TAMPA, Fla. (WFLA) - A new policy at Frontier Airlines is raising some eyebrows and one big question — should you tip your flight attendant?

Three years ago, the Denver-based airline introduced a tipping function on digital tablets used to order snacks, which included an option to add gratuity.

Until this year, the tips were pooled among flight attendants. But as of Jan. 1, they'll get to keep the tips they make from individual sales, the Chicago Tribune reported.

“We appreciate the great work of our flight attendants and know that our customers do as well,” said Frontier spokesman Jonathan Freed. 

A tablet prompts passengers to tip 15%, 20%, 25% or a custom gratuity.

The option to tip is “entirely at the customer’s discretion, and many do it,” Freed added. Flight attendants can choose whether or not to trigger the option on the tablet.

“I’ve flown more than 350 flights on 51 different airlines in the past three years, but I’d never experienced an airline ask for a tip,” wrote JT Genter, of ThePoints Guy travel blog. 

Genter was recently on a Frontier flight and shared a photo of the tipping option, which includes a message that reads, “Gratuities Are Appreciated!”

Genter said the new policy may motivate them to provide better service, but "it feels a bit unprofessional for flight attendants to be seeking tips."

The policy was also met with opposition by others in the industry. 

“The Association of Flight Attendants International, a union that represents 50,000 flight attendants at 20 airlines including Frontier, opposes the tipping policy, saying attendants should instead be paid higher wages,” the Los Angeles Times reported.

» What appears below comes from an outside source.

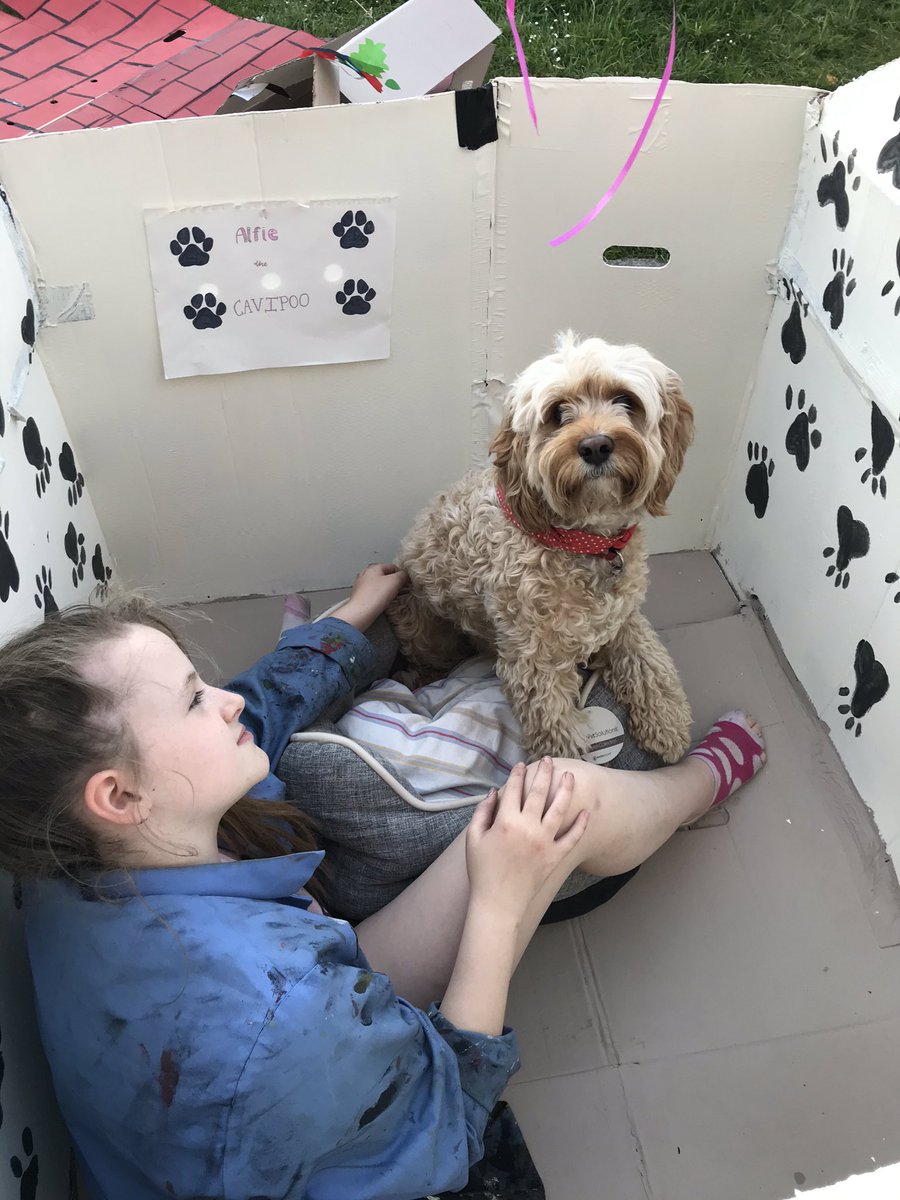 bobmed1975's tweet photo. @MissEBurden @MissGalerog this is Maddie’s animal dwelling task, she measured, cut, painted and built it all by herself. I just had to get a car load of cardboard from Morrison’s! Alfie has a new house complete with porch, decking, wall art and fence! #gobigorgohome #2dayswork https://t.co/K1Sn3XWSz1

“Management moved forward with a tipping option for passengers in hopes it would dissuade flight attendants from standing together for a fair contract — and in an effort to shift additional costs to passengers,” AFA President Sara Nelson said, according to the Tribune.

Flight attendants made a median salary of $50,500 in 2017, according to the U.S. Bureau of Labor Statistics. 

“Industry experts say no other U.S. carrier gives passengers the ability to tip flight attendants, and they don’t expect other airlines to follow Frontier’s lead,” the Times reported.